Saved data entries:
⟨

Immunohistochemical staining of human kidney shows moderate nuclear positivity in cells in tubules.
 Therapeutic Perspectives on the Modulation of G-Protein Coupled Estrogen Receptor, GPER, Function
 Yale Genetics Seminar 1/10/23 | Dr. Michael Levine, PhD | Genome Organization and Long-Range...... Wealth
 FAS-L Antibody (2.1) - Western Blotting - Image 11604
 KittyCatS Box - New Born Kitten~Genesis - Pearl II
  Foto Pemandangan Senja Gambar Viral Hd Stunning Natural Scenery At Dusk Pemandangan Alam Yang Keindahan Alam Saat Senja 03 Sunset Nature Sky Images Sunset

⟩

**ASSIGNMENT**
Each line from the one that includes "Therapeutic Perspectives on" down to the close of the records above is to be given again exactly, and no other line is to appear.

**SOLUTION FOR THIS EXERCISE**
 Therapeutic Perspectives on the Modulation of G-Protein Coupled Estrogen Receptor, GPER, Function
 Yale Genetics Seminar 1/10/23 | Dr. Michael Levine, PhD | Genome Organization and Long-Range...... Wealth
 FAS-L Antibody (2.1) - Western Blotting - Image 11604
 KittyCatS Box - New Born Kitten~Genesis - Pearl II
  Foto Pemandangan Senja Gambar Viral Hd Stunning Natural Scenery At Dusk Pemandangan Alam Yang Keindahan Alam Saat Senja 03 Sunset Nature Sky Images Sunset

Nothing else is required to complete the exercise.